Recordamos entonces las muchas horas que teníamos pasadas juntos en la trastienda de su negocio, conversando, tocando el laúd, recitando y cantando coplas. A él le debía yo todos mis conocimientos sobre la música y la poesía turca.

—Sabes que puedes contar conmigo como entonces —me dijo—. Siempre es un placer tu compañía.

—Lo sé, amigo mío, gracias, muchas gracias… ¿Cómo agradecer todo lo que me enseñaste en aquellos años difíciles para mí? Gracias a lo que aprendí contigo, pude tener contentos a mis amos y verme libre de muchas penalidades.

—¡Eres un músico maravilloso! —exclamó—. ¡Ah, qué juventud! ¡Supongo que no habrás olvidado lo que te enseñé!

—Nada de eso.

—Pues demuéstramelo —dijo con ojos delirantes, mientras alargaba la mano para descolgar un bonito laúd de la pared.

—Humm… ¡Es uno de tus mejores instrumentos!

—A ver si recuerdas algo hermoso —dijo, mientras se ponía a afinarlo.

—Claro, Gamali. Me acuerdo perfectamente de lo que me dijiste un día: «Aunque cantares como los mismos ángeles y acompañares tu voz con el mejor laúd del mundo, si no encuentras una canción adecuada, no lograrás hacer feliz a nadie».

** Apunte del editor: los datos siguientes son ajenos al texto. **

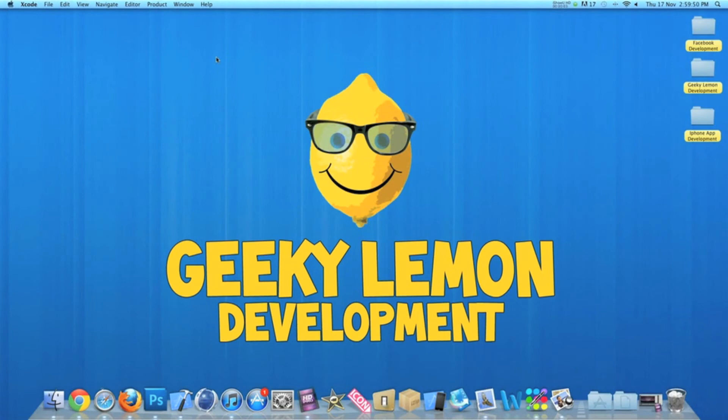Hey guys, this is Aaron from Geeky Lemon Development and welcome to Xcode Tricks and Tips. In this video, I'll be showing you some basic shortcuts to help you save time when developing.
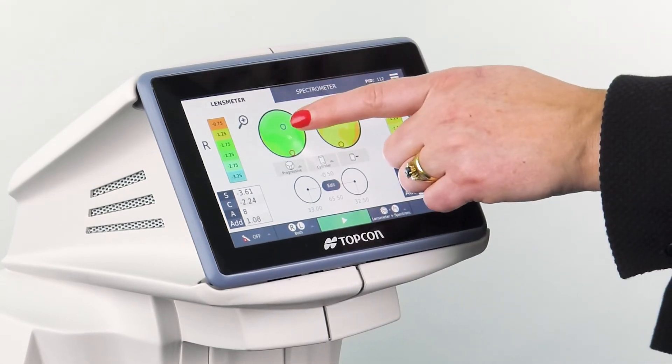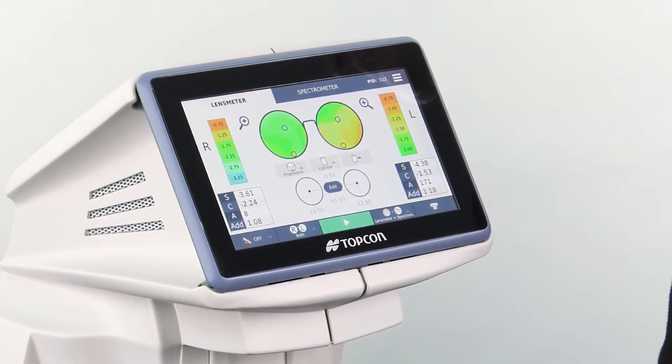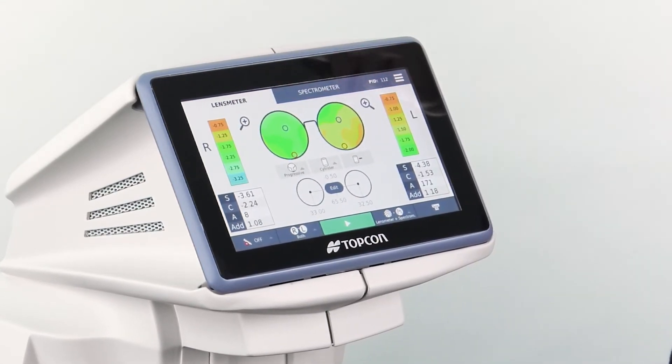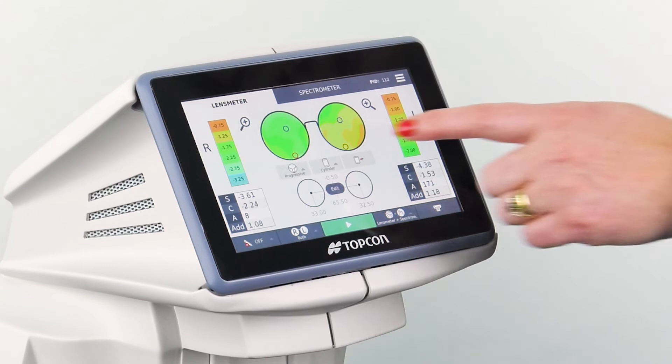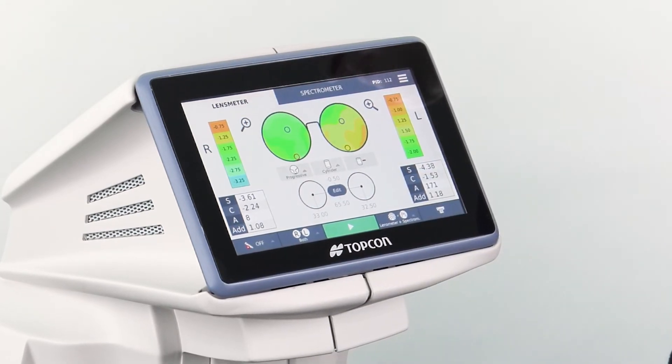The blue circles show the optical centre of the lens for distance, and the red circles is the optical centre for near.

—Pues este que tengo en mis manos —dijo ufano— es el mejor laúd del mundo. Ahora te falta esa canción…

—No la he olvidado —contesté, tomando el instrumento.

Hice sonar las primeras notas. Aquel laúd parecía ser, en efecto, el más melodioso del mundo. Y noté que el viejo músico se entusiasmaba al oírme tocarlo cuando cerró los ojos y quedó sumido en una especie de trance feliz.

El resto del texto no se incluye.